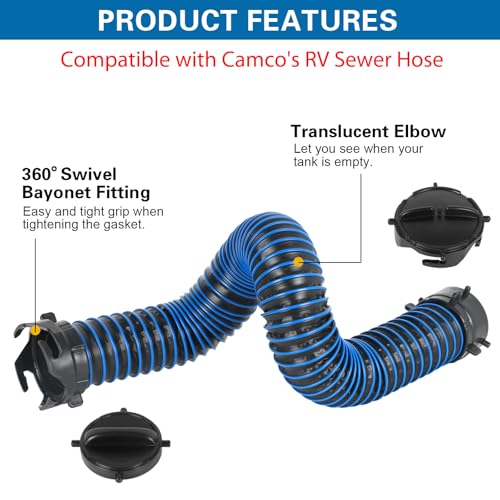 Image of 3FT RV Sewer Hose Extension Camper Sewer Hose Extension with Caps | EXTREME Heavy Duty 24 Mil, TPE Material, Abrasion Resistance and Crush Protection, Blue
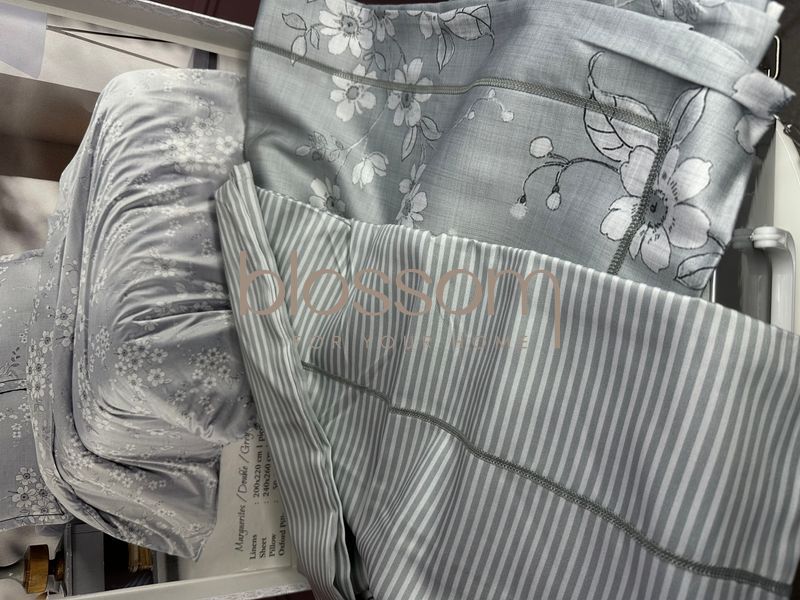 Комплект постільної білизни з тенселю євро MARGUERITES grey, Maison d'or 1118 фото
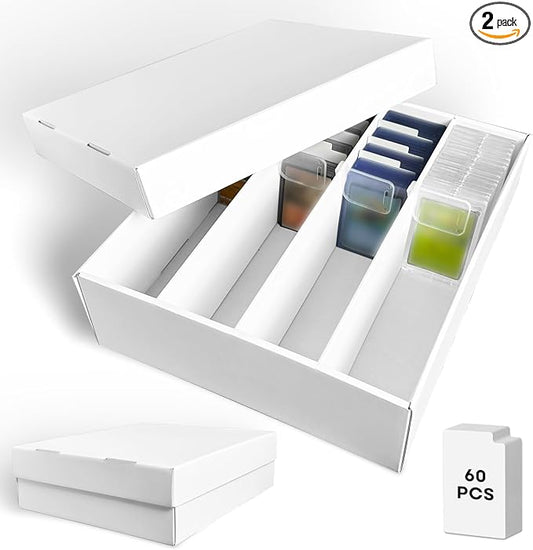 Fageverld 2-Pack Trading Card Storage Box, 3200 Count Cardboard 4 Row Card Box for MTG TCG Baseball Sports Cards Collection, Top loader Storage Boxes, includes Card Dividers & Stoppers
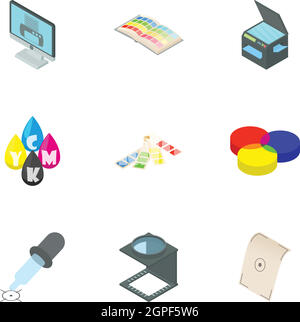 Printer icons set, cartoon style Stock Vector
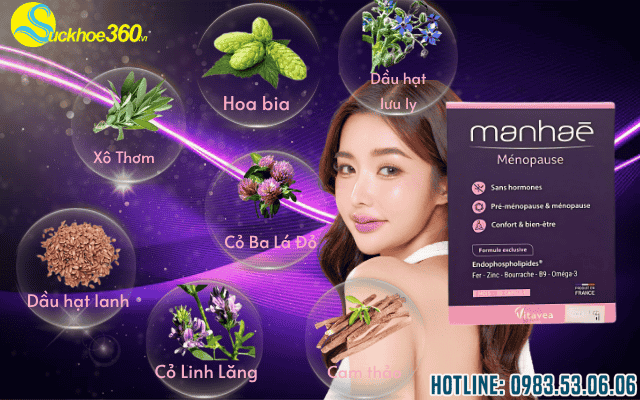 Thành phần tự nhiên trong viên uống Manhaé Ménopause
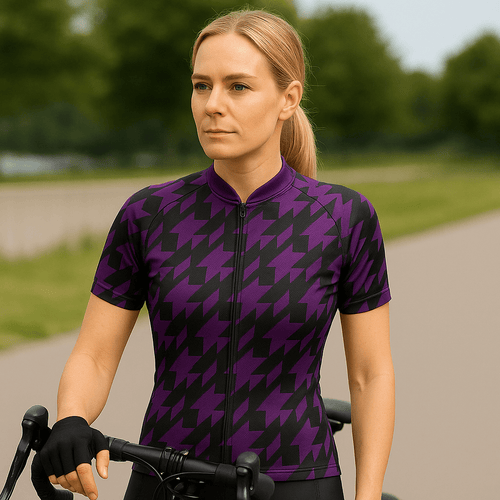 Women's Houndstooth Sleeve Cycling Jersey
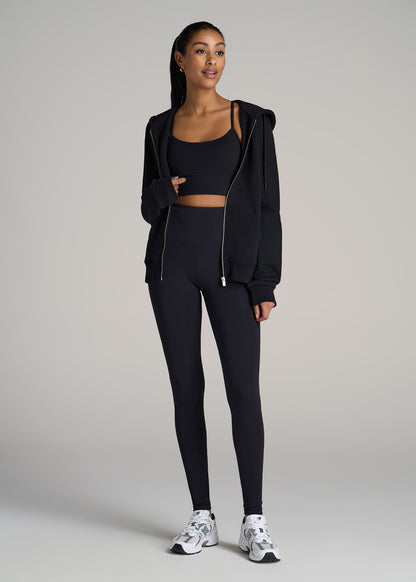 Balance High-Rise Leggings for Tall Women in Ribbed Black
•••
§ **Assigned task**
Please, leaving out all pictures, transcribe exactly the lines above from the one containing "Women's Houndstooth Sleeve Cycling Jersey" through the final line, both included.

§ **Result below**
 Women's Houndstooth Sleeve Cycling Jersey
 Balance High-Rise Leggings for Tall Women in Ribbed Black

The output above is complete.